Atletas de elite costumam apresentar queda no rendimento quando submetidos a um treinamento muito intenso, sem período adequado de recuperação. O quadro é conhecido como síndrome do overtraining e pode incluir sintomas como perda de apetite e de peso, insônia, irritabilidade, queda na imunidade e depressão.
A explicação mais aceita para o fenômeno, até o momento, é a de que lesões no tecido musculoesquelético causadas pelo exercício excessivo induziriam a liberação na corrente sanguínea de substâncias pró-inflamatórias (proteínas produzidas por células de defesa e conhecidas como citocinas), que desencadeariam os efeitos sistêmicos. A teoria das citocinas, como ficou conhecida, foi formulada há duas décadas.

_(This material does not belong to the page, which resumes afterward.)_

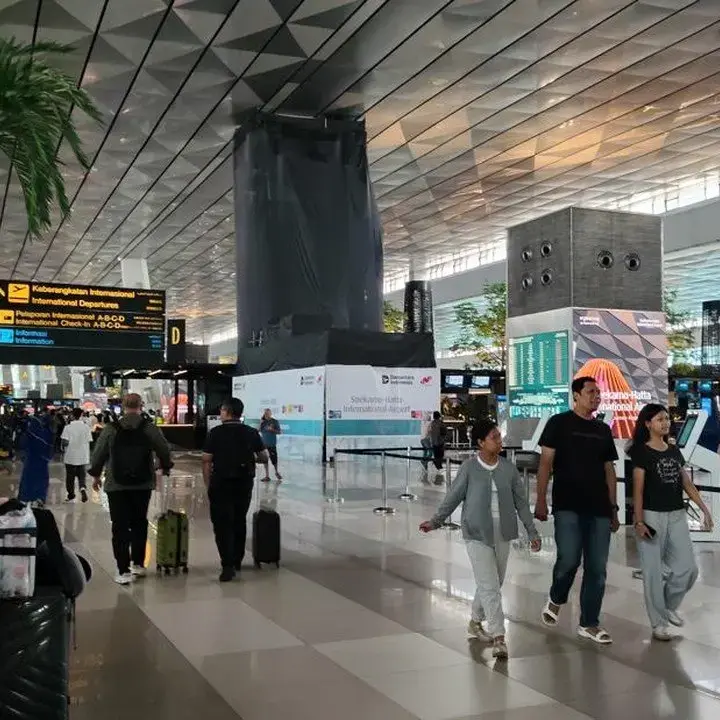 Abu Vulkanik Gunung Anak Krakatau Tutup Bandara Soetta, Penerbangan Dialihkan ke 6 Bandara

Recentemente, uma série de estudos conduzidos na Universidade de São Paulo (USP), em Ribeirão Preto, demonstrou que as consequências do overtraining para o organismo vão muito além da queda no rendimento esportivo, havendo efeitos prejudiciais no tecido musculoesquelético, coração, fígado e sistema nervoso central.
Além disso, os resultados obtidos nos experimentos com camundongos contrariam a hipótese de que as citocinas pró-inflamatórias seriam o único fator responsável pela queda na performance, que, nos animais, se manteve prejudicada mesmo depois que o nível dessas substâncias no sangue se normalizou.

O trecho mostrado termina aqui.